馴化温室に設置されている真っ黒な衣装ケース。温室内には全部で4個もあります。
しかしここにハンターズのユニフォームや作業着が収められているのではありません。
これは植物栽培実験用のボックス。光を通さないので中は真っ暗です。
しかし上や脇には照明などいろいろな装置を動かす電源コードなどが
入る穴が空いていたり、照明を取り付けるバーがついている優れものです。
海外製ですが作りは衣装ケースと変わらないので高価ではありません。
もちろんチームフローラの財産。

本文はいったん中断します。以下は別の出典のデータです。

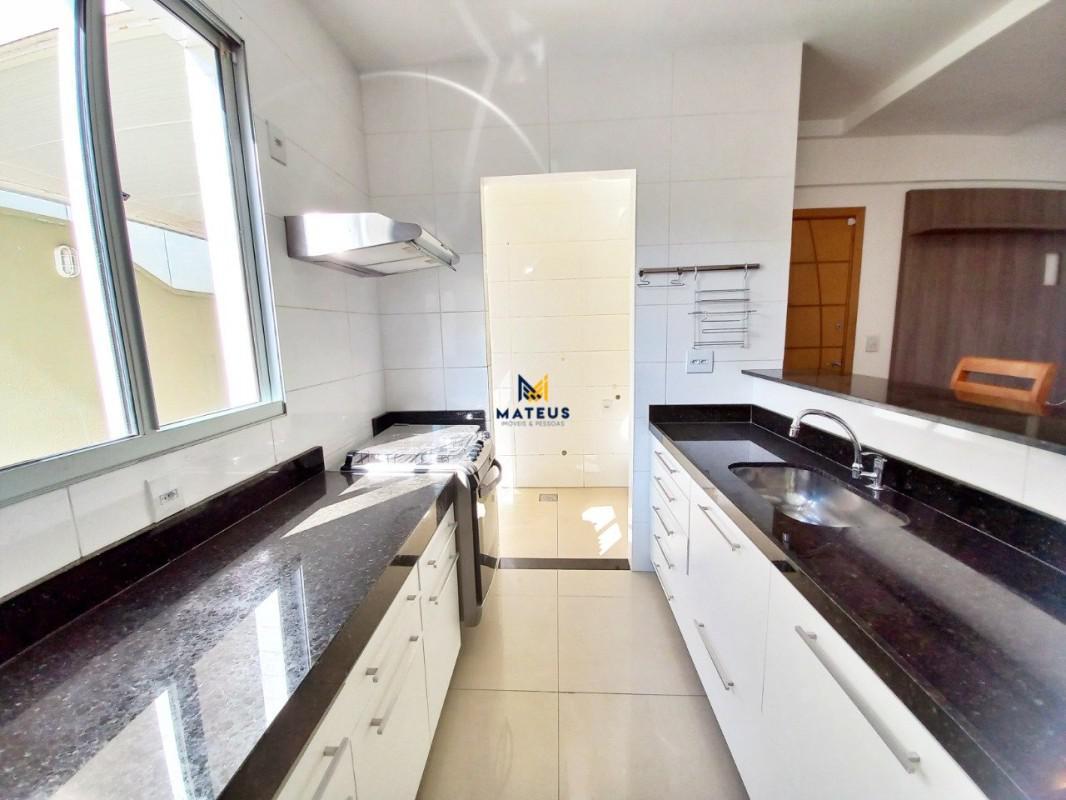 Apartamento, Caiçaras, 3 Quartos, 3 Vagas, 1 Suíte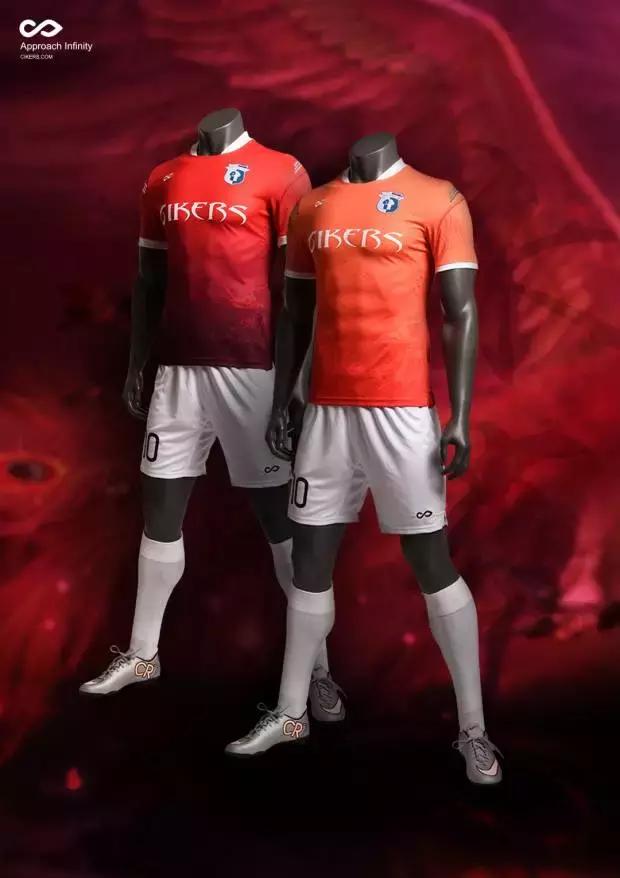 赛客青龙系列足球服,赛客足球装备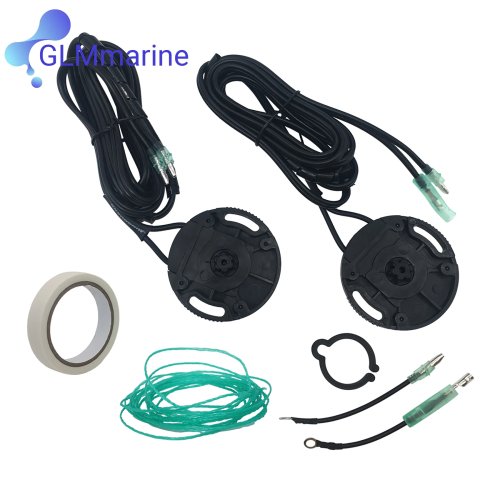 Tilt/Trim Limit Sender Switch Set for Mercruiser R MC MR Alpha One Bravo Gen II - 805320A03, 96863A15, 805130A2, 805320A1, 176932A2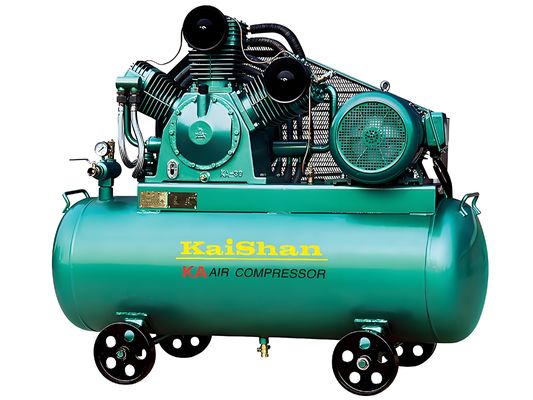 Piston air machine suitable for construction projects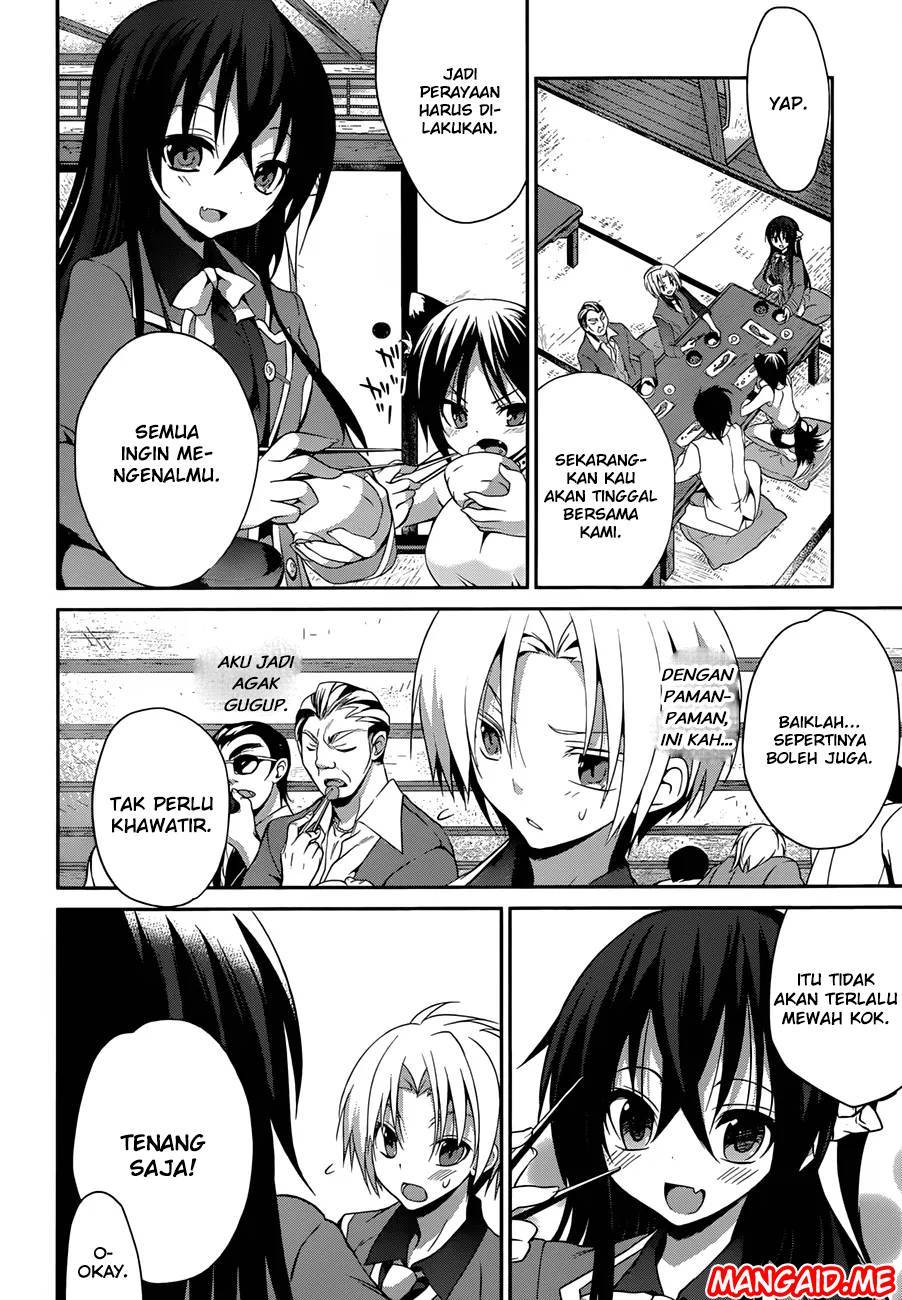 Kiryuin Kaya Chi o Suwareru dake no Kantan na Oshigoto Chapter 03 Gambar 7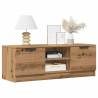  TV Cabinet Artisan Oak 102x35x36.5 cm Engineered Wood Colour artisan oak Quantity in Package 1 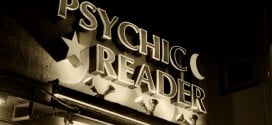 It is hard for a psychic to read another person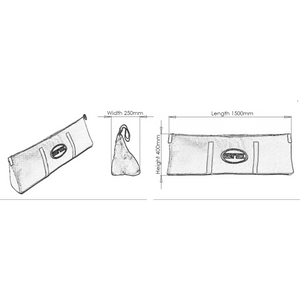 Icey Tek Heavy Duty Fishing Bag 150cm - Addict Tackle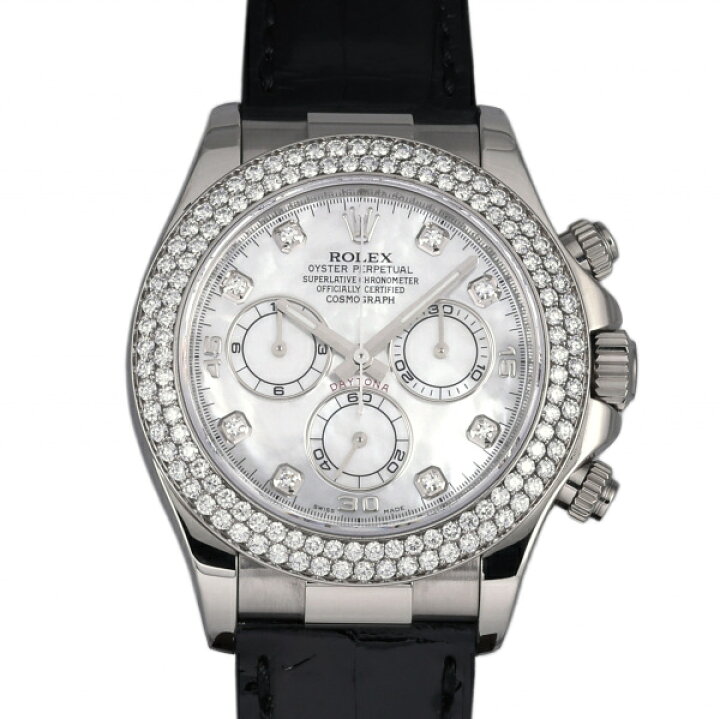 楽天市場】ロレックス ROLEX コスモグラフ デイトナ ベゼルダイヤ 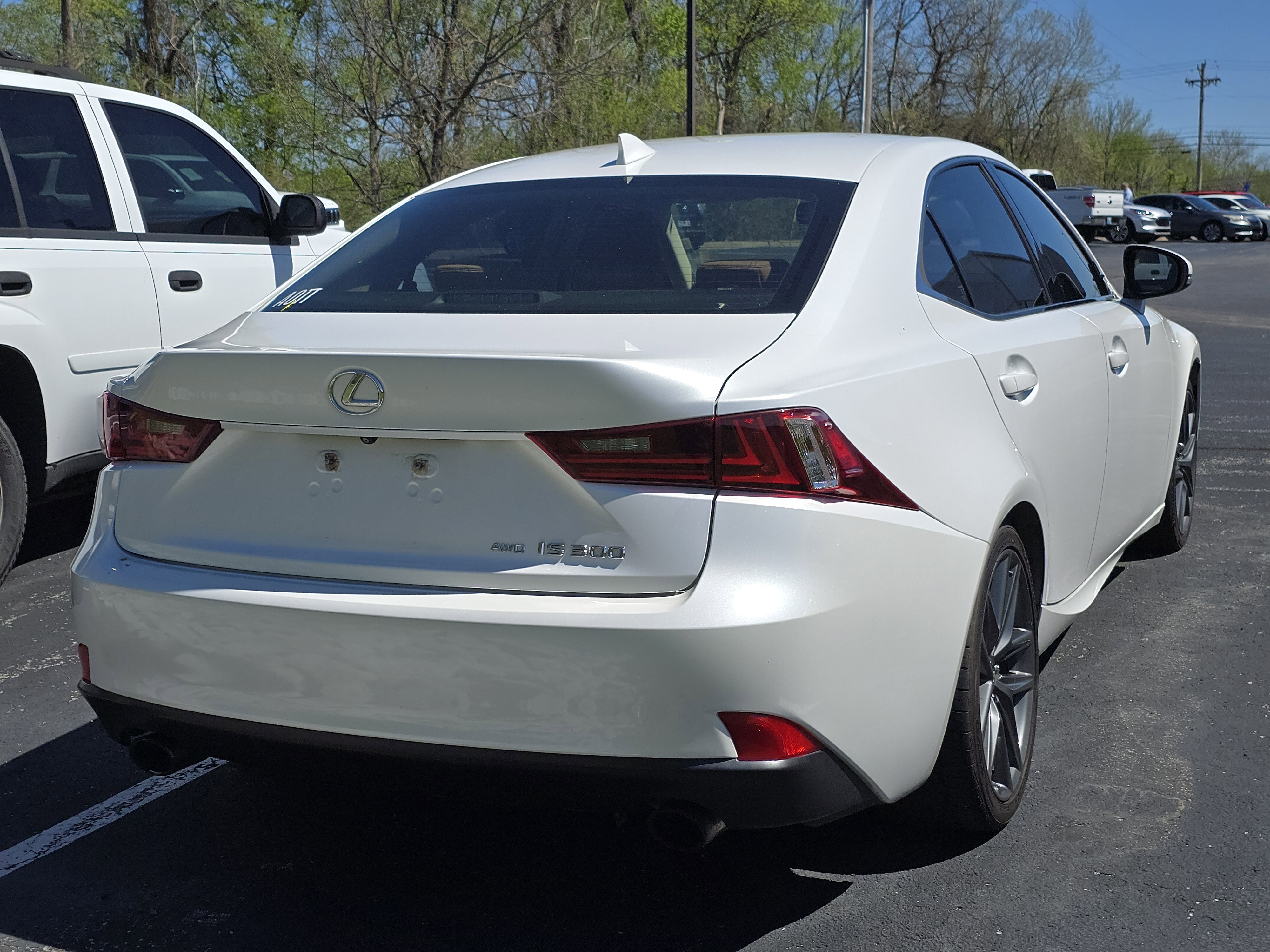 Used 2016 Lexus IS 300 AWD w/ Navigation System Package image 2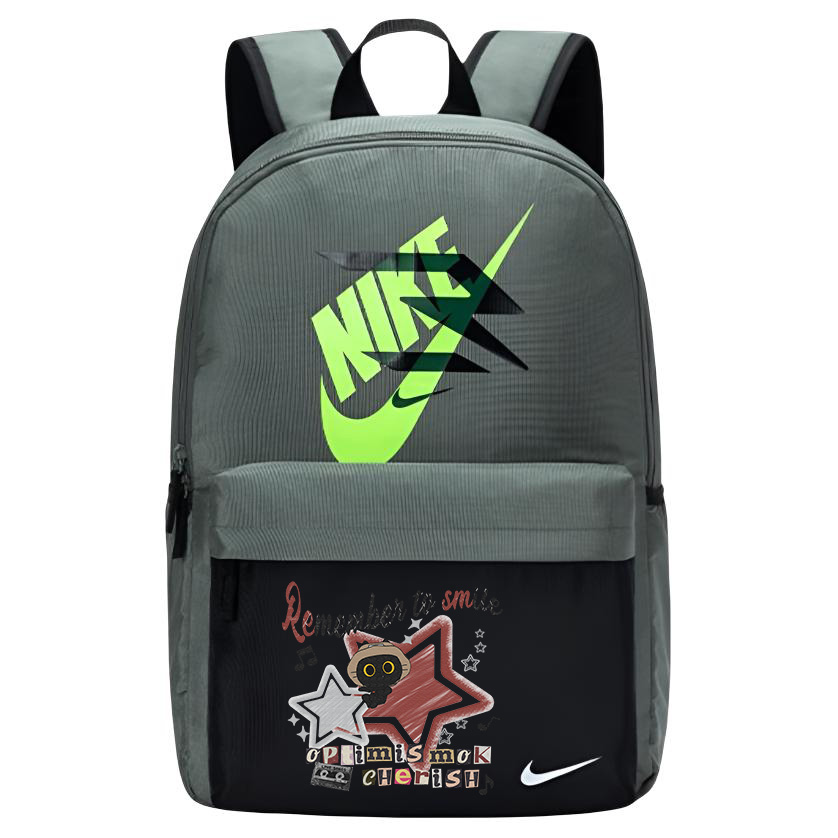 Nike Полиамидный рюкзак с термопереносом унисекс пузырчатый английский, Vintage Kitten
Nike Полиамидный рюкзак с термопереносом унисекс пузырчатый английский, Vintage Kitten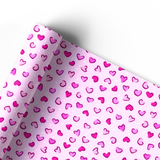 LIKE SO PRETTY LEOPARD | PREMIUM LEATHERETTE FABRIC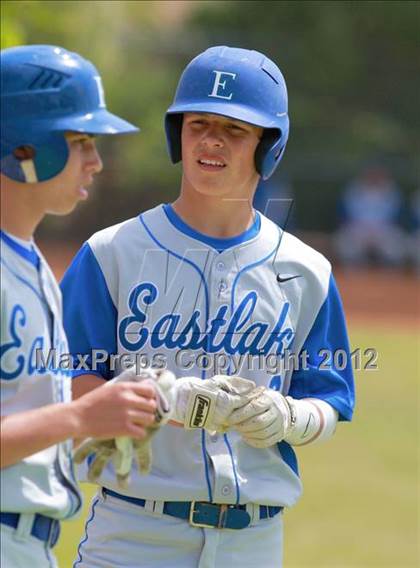 Thumbnail 3 in Eastlake v. Point Loma (San Diego Lions Tournament) photogallery.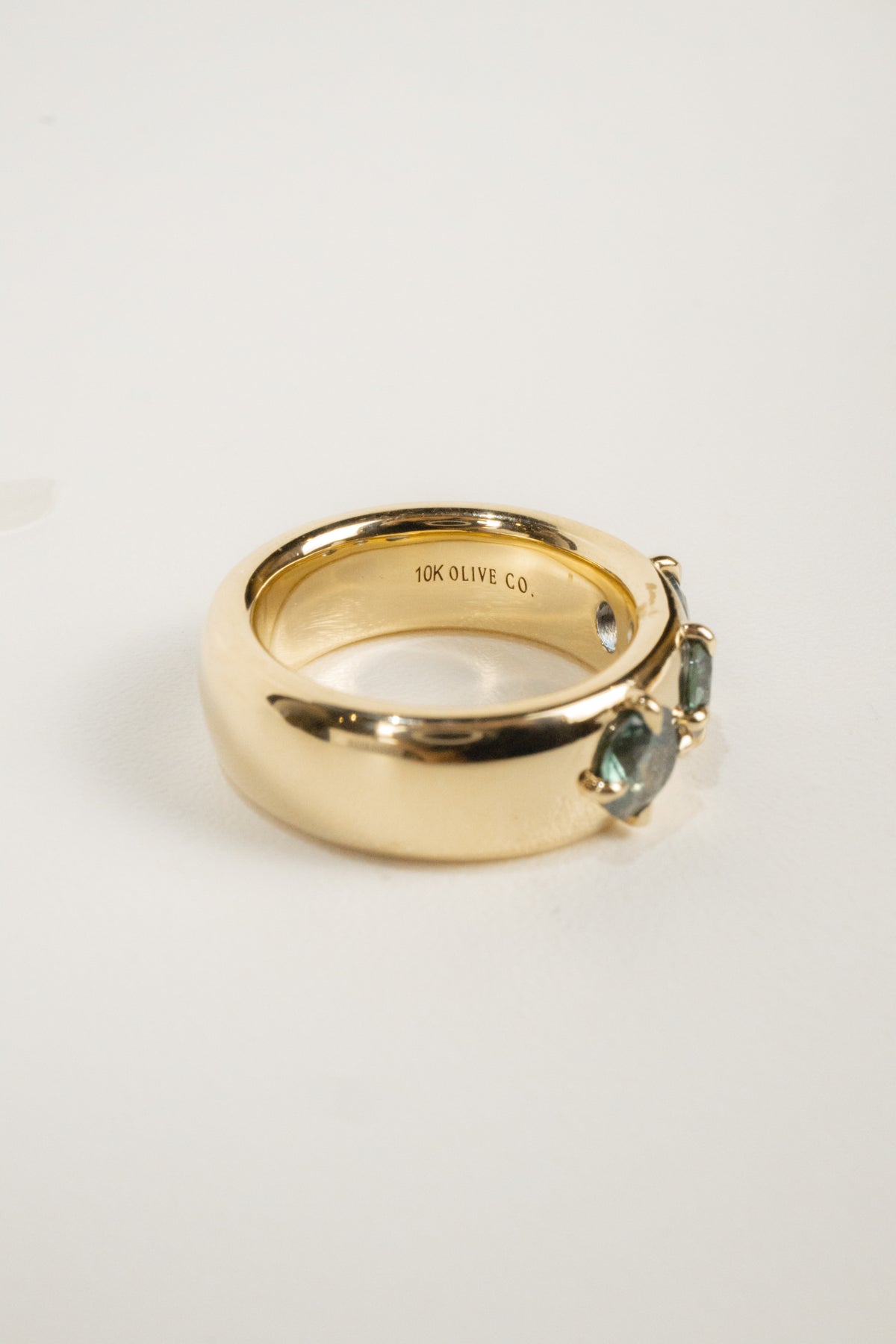 Halston Engagement Ring- 1.9ctw Natural Sapphires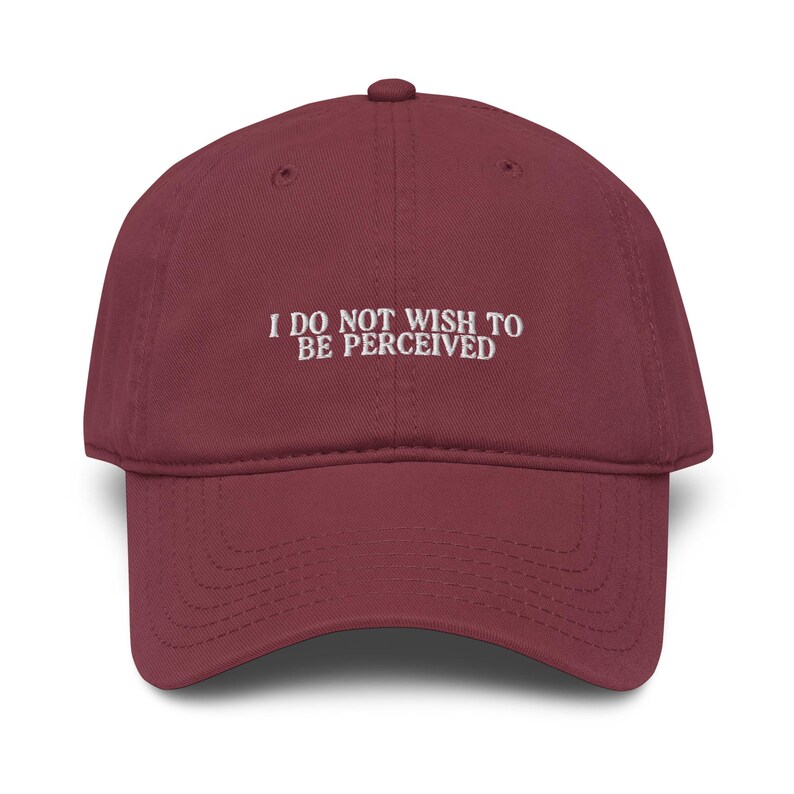Garment washed baseball cap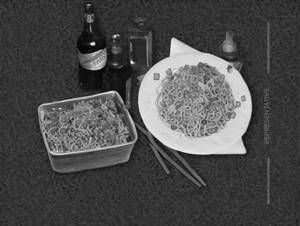 Chicken Fried Noodles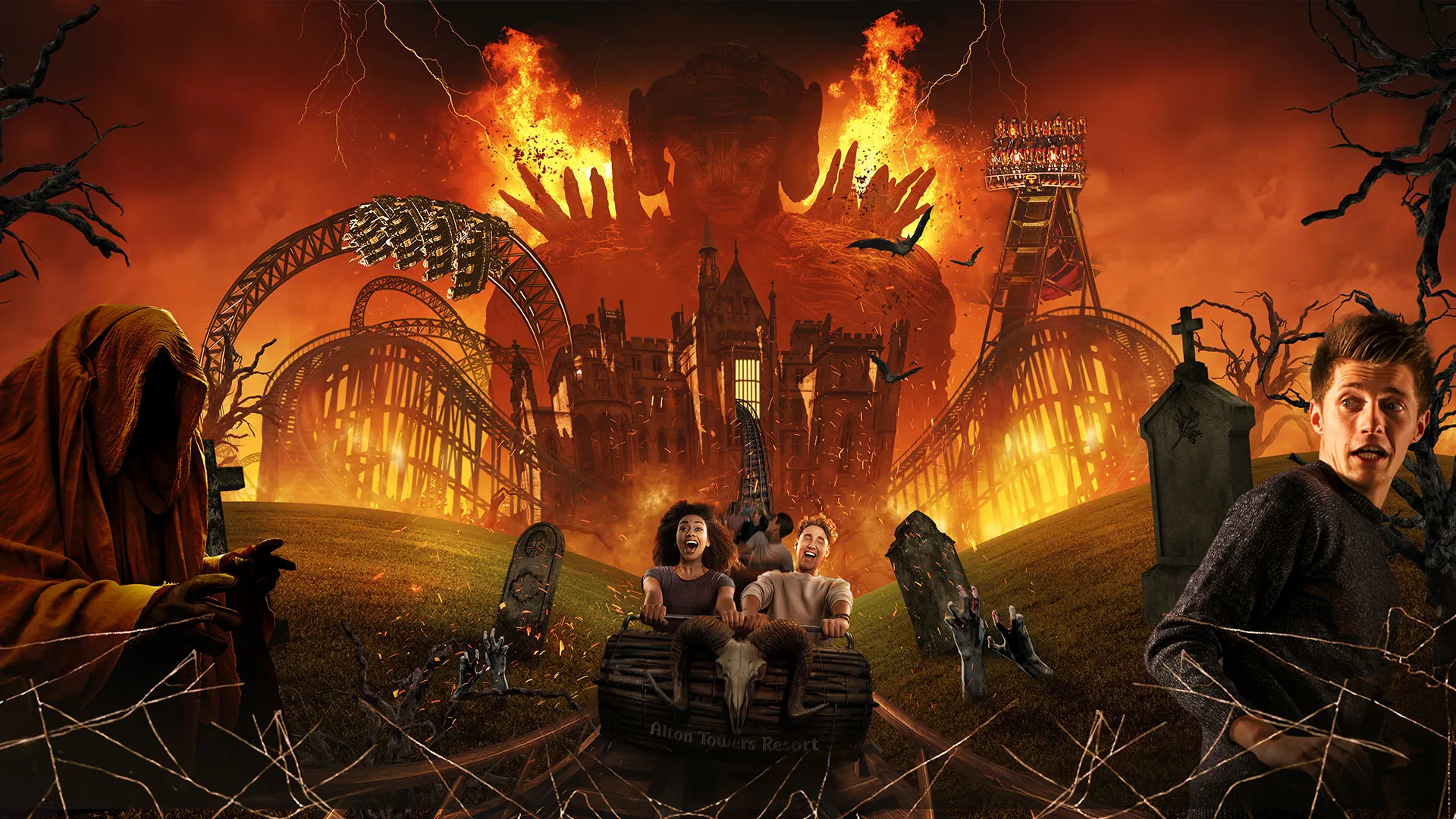 scarefest haunted house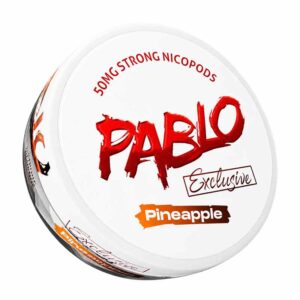 Pablo Exclusive Nicotine Pouch Pineapple 50mg x 10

2016年の2年生、FLORA9が
じゅんさいの人工栽培するために用意されたものです。
ご存知の通り、じゅんさいは沼や湖に自生する水草でその若い葉を食べます。
日本の代表的な生産地は秋田で、船に乗っては若い葉を摘んでいます。
ところが生産者の高齢化が進み、体力の必要な収穫は大変です。
そこでFLORA9は水槽での人工栽培にチャレンジしました。
水草の栽培はアクアリウムといって技術がかなり確立されています。
それでは面白くないと思い、フォトニクスお得意の人工光を照射して
生育の促進と機能性の向上を図ったのです。
水草は海藻を含め、いろいろな深さに自生しています。
すると届く光の波長が深度で異なるため、
光合成に利用する波長も植物によって変わってきます。
したがって同じ赤や青のLEDを照射しても水草によって反応は正反対。
とても面白く、みんな光量を変化させながら水だらけになって夢中で遊んだものです。
TEAM AQUA PHOTONICS と名乗っていた頃です。
2年間にわたる研究の結果、じゅんさいは浅瀬に自生するため
陸生植物と同じで赤で伸長、青で太くなることが分かりました。
さらに青色光でポリフェノールがかなり増えることも証明しました。
赤は水に吸収されて届かないからです。
労力軽減、環境の変化の影響を受けない栽培法は京都大学で開催されたテクノ愛でも受賞し、
現在、海水温などで生産が減少している海苔でもし成功したら
技術提携したいとメーカーからいわれたほどユニークな研究でした。
残念ながら後継者がなく、今は彼らが使った水槽や装置の倉庫となっています。